[antlr-interest] Fwd: Why is this ambiguous?

Fri Jan 5 02:08:12 PST 2007

Hi Martin,

You can see with an example why is ambiguous.

With the stream "+1" the lexer can make:

- IDENTIFIER(+) INT(1) <-- This solution is possible because the '+' of int
is optional.
- INT(+1)

There're two solutions.

Maybe, you can try:

INT_IDENTIFIER
    : '+' {$setType(IDENTIFIER);} ( ('0'..'9')+ {$setType(INT);}
                                               | ('a'..'z')*
                                               )
;

INT: ('-')? ('0'..'9')+ ;

I think this run ok, but you must check it.

Regards,
José Ventura

---------- Forwarded message ----------
From: Martin C. Martin <martin at martincmartin.com>
Date: 05-ene-2007 2:24
Subject: [antlr-interest] Why is this ambiguous?
To: antlr-interest at antlr.org

Hi,

First of all, thanks for Antlr, it's a huge help!

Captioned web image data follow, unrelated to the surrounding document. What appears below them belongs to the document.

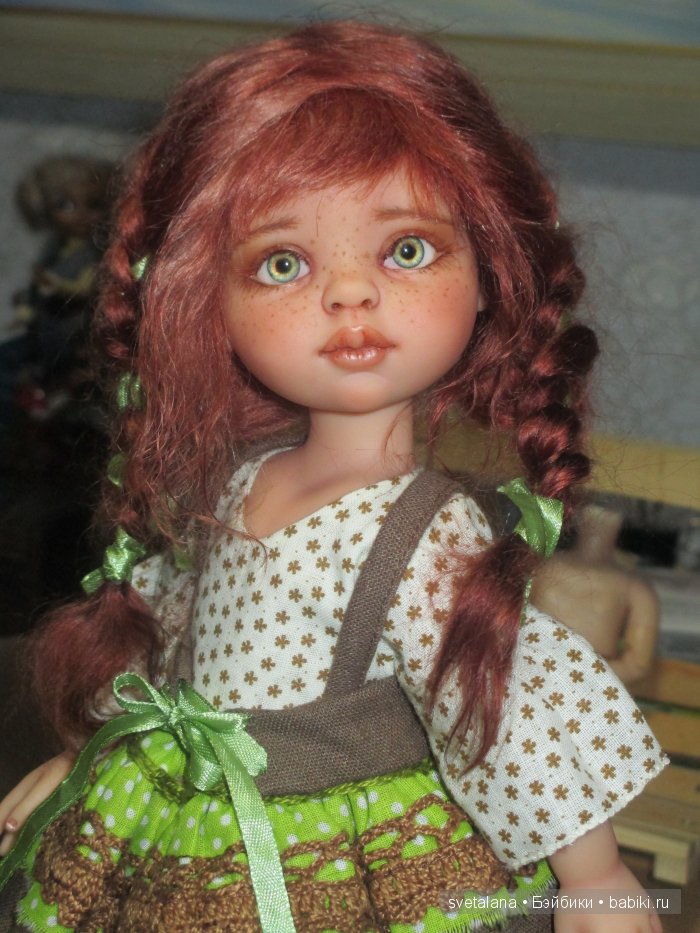 Полина.Рыжее чудо. ООАК куколки Paola Reina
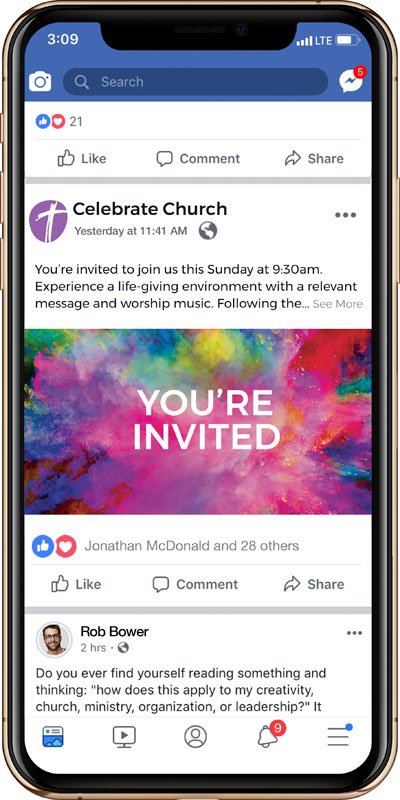 Social Ads, Easter, Back to Church Easter
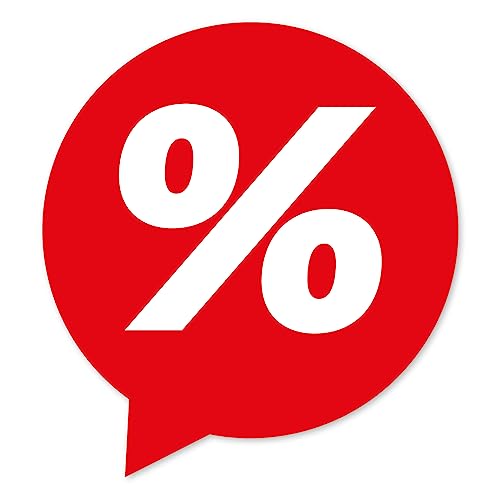 Primus Print Sale Aufkleber - 5 x% - wiederablösbar für Schaufenster/Fenster Ausverkauf Rabatt (%) von Primus-Print.de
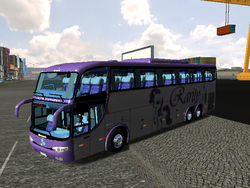 Size: 640x480 | Tagged: safe, rarity, g4, 18 wos haulin, bus, double decker bus, mod bus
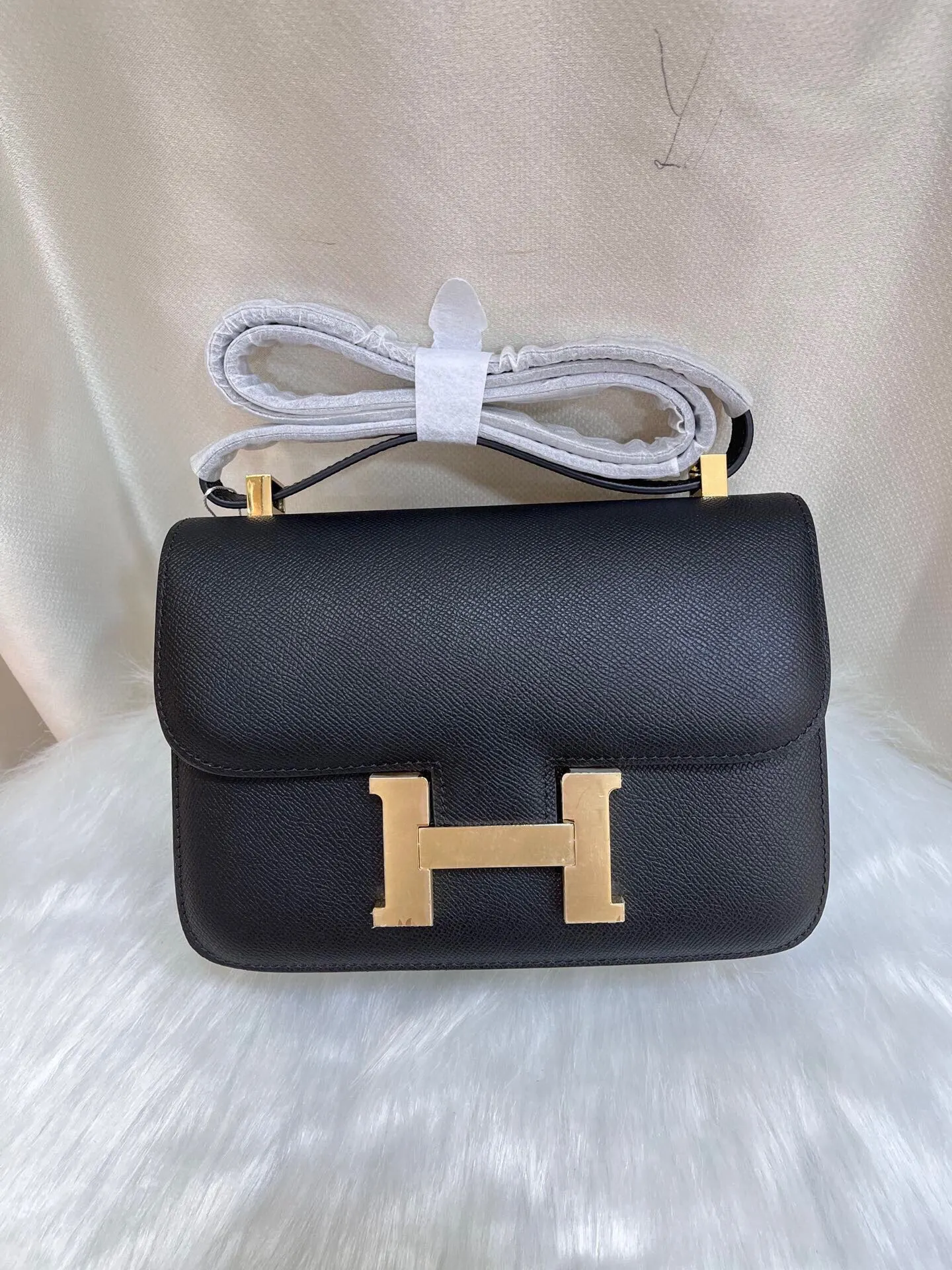 Yellow Organizer Pouch Travel Leather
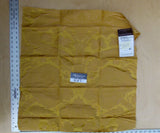 3 Ev7 25"x25" Scalamandre Showroom Sample Messonnier Orange Gold Silk Cotton Floral #1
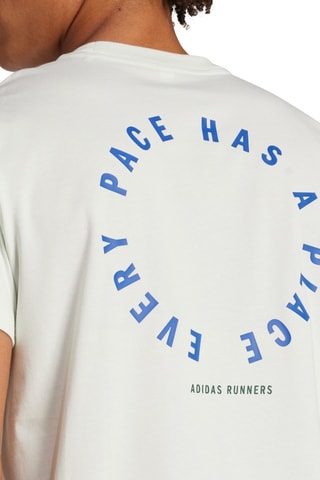 T-shirt de running Runners - Blanc - Adidas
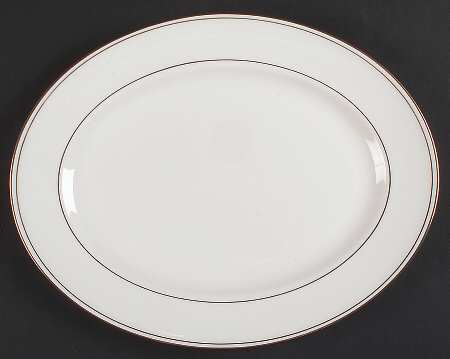 Federal Gold (Discontinued 2005) 13" Oval Serving Platter by Lenox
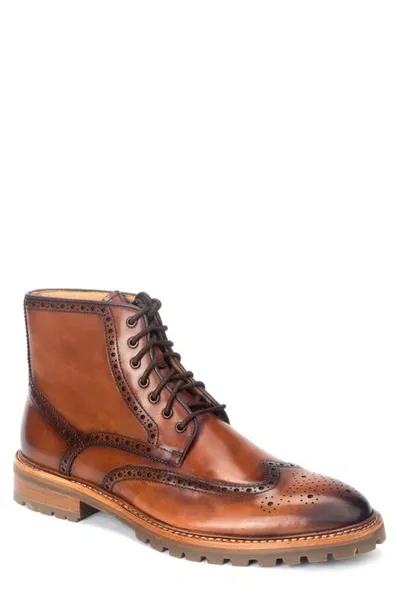 Warfield & Grand Rockford Wingtip Boot In Tan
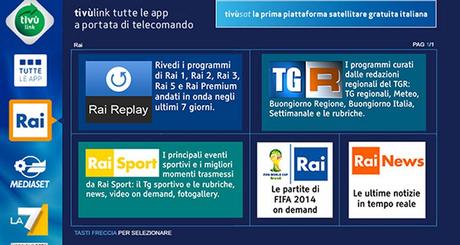 Dal 28 Maggio Tivùlink, la guida a tutti i servizi interattivi Rai, Mediaset, La7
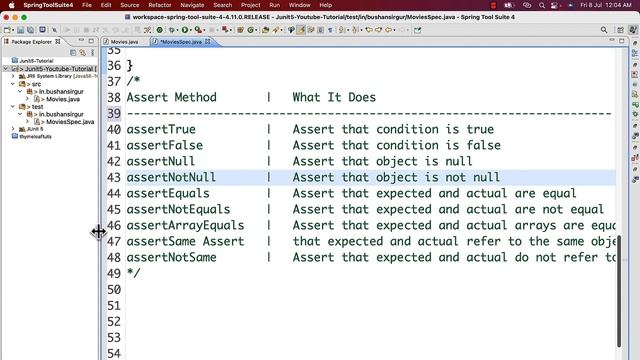 Write Unit Test Cases using JUnit 5 - List of assert Methods - 04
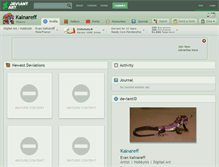 Tablet Screenshot of kalnareff.deviantart.com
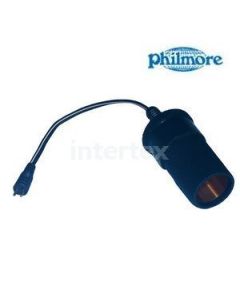 Philmore 48-1274, 12V Socket To 2 Pin Connector Adaptor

But I don't understand why the following dead-simple lexer is ambiguous:

class MyLexer extends Lexer;

options {
   k=4;
}

IDENTIFIER: "+" ;

INT : ('+' | '-')? ( '0'..'9' )+ ;

An INT must contain at least one digit, and an IDENTIFIER no digits.  So
if I receive a + followed by any non-digit (including end of stream), it
must be an identifier.  If I get a + followed by a digit, it must be an
INT.  It can't be an IDENTIFIER followed by an INT, because when
deciding what token to use for the +, it must match the longest
sequence, and + followed by digits is longer than just + alone.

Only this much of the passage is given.